LE LORGNON, in-8, 1831. — Le lorgnon est un talisman à travers lequel on découvre l’âme à nu ; on voit la différence entre la parole et la pensée, entre l’action et le sentiment qui fait agir. M. de Norville, le possesseur du lorgnon, n’en tire guère parti que dans une occasion importante ; non quand il apprend qu’un de ses amis ne l’aime pas, ou qu’une jeune demoiselle veut l’épouser pour sa fortune, mais quand lui-même veut se marier, car sa position est réellement embarrassante. Il aime une veuve en particulier et déteste les veuves en général ; même il a fait serment de ne jamais épouser une veuve.
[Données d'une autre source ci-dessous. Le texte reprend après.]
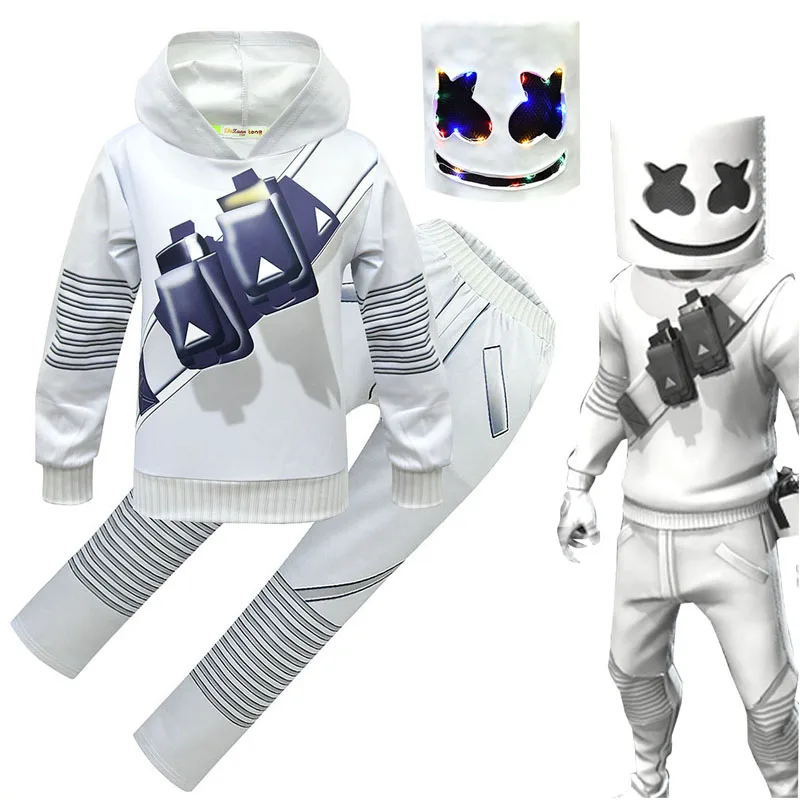 Kids Cosplay Costume Boys Mars – обзор и цена Led Gloves Music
Grâce au lorgnon investigateur, M. de Norville découvre que sa veuve n’a jamais été mariée, ce qui s’appelle mariée, et il se décide à l’épouser réellement. — Il ne faut demander dans ce roman ni des situations, ni des passions bien vives, mais ce que l’auteur a voulu y mettre et ce que l’on rencontre à chaque page, beaucoup d’esprit, beaucoup d’observation ; des mœurs restreintes à quelques salons ; des caractères étroits à force d’égoïsme et d’amour-propre, et que tout le monde peut reconnaître à la vérité des couleurs.

Nous connaissons encore de Mme de Girardin : Contes d’une vieille fille à ses neveux, 2 vol. in-18, 1832. — Monsieur le marquis de Pontanges, 2 vol. in-8, 1835. — La Canne de M. de Balzac, in-8, 1836.